Roles contain authorizations and privileged commands. For more information about roles, see Configuring RBAC (Task Map) in System Administration Guide: Security Services.
If the system has several partitions, install the partitions under separate directories, for example, /export/home1 and /export/home2.
Use the Solaris Management Console tools to create and maintain the auto_home map.
Whenever you create a new user account, type the location of the user's home directory in the auto_home map. Map entries can be simple, for example:
rusty dragon:/export/home1/& gwenda dragon:/export/home1/& charles sundog:/export/home2/& rich dragon:/export/home3/&
Notice the use of the & (ampersand) to substitute the map key. The ampersand is an abbreviation for the second occurrence of rusty in the following example.

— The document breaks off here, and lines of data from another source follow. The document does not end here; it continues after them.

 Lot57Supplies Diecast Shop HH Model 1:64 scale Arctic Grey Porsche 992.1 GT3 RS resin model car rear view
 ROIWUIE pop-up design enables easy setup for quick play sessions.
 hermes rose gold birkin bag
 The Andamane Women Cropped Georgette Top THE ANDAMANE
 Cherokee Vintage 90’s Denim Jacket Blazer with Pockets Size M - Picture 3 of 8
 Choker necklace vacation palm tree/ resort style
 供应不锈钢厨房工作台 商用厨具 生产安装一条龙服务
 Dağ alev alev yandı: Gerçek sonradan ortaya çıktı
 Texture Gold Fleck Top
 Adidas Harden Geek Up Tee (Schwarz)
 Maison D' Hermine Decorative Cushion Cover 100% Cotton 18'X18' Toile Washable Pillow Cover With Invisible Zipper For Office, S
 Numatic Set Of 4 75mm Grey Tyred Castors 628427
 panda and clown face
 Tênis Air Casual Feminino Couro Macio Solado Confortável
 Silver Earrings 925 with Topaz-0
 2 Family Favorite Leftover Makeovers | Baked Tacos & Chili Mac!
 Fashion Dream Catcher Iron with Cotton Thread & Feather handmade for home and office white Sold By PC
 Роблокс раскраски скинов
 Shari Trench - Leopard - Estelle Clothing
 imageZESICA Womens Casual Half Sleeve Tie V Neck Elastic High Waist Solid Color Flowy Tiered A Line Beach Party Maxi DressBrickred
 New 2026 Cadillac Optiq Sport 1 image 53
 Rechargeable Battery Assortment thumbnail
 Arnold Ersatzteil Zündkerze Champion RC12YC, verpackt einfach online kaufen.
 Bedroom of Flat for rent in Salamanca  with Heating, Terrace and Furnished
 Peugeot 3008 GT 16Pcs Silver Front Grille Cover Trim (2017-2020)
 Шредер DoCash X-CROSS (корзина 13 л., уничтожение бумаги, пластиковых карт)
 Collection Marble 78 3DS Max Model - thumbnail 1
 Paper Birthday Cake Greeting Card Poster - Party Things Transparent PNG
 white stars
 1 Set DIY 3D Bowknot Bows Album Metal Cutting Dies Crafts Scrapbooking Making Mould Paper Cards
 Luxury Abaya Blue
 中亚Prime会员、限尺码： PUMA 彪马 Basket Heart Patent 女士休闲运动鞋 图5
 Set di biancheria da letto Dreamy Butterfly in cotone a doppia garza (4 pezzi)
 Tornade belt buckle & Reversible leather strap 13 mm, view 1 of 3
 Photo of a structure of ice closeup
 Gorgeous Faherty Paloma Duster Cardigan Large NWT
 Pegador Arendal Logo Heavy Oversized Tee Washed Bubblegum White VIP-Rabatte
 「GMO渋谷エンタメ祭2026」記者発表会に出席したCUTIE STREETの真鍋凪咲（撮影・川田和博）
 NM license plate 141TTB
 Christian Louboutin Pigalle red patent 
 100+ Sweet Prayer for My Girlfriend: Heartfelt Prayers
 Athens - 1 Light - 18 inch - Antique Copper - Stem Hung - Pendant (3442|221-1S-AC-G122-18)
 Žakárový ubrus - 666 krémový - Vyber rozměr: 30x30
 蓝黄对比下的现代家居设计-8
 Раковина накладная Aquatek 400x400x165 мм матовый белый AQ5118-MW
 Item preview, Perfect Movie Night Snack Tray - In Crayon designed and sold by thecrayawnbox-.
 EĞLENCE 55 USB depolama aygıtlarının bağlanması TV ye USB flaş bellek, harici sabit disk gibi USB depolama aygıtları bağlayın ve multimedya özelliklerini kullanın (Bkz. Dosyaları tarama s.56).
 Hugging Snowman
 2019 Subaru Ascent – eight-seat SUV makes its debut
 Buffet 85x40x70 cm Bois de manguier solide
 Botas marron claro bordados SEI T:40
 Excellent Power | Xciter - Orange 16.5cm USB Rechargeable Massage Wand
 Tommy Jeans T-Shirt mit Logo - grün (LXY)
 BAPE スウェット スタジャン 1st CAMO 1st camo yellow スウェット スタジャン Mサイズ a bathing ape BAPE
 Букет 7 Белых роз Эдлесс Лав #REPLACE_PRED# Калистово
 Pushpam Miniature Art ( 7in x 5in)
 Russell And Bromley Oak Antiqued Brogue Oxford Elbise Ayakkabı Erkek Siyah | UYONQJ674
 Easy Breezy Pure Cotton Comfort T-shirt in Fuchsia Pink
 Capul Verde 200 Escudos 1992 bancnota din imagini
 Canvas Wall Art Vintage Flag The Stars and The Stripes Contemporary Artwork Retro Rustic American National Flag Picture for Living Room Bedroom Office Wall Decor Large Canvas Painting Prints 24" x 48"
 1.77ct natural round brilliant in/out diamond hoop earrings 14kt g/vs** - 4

With the auto_home map in place, users can refer to any home directory (including their own) with the path /home/user. user is their login name and the key in the map. This common view of all home directories is valuable when logging in to another user's computer. Autofs mounts your home directory for you. Similarly, if you run a remote windowing system client on another computer, the client program has the same view of the /home directory.
This common view also extends to the server. Using the previous example, if rusty logs in to the server dragon, autofs there provides direct access to the local disk by loopback-mounting /export/home1/rusty onto /home/rusty.
Users do not need to be aware of the real location of their home directories. If rusty needs more disk space and needs to have his home directory relocated to another server, a simple change is sufficient. You need only change rusty's entry in the auto_home map to reflect the new location. Other users can continue to use the /home/rusty path.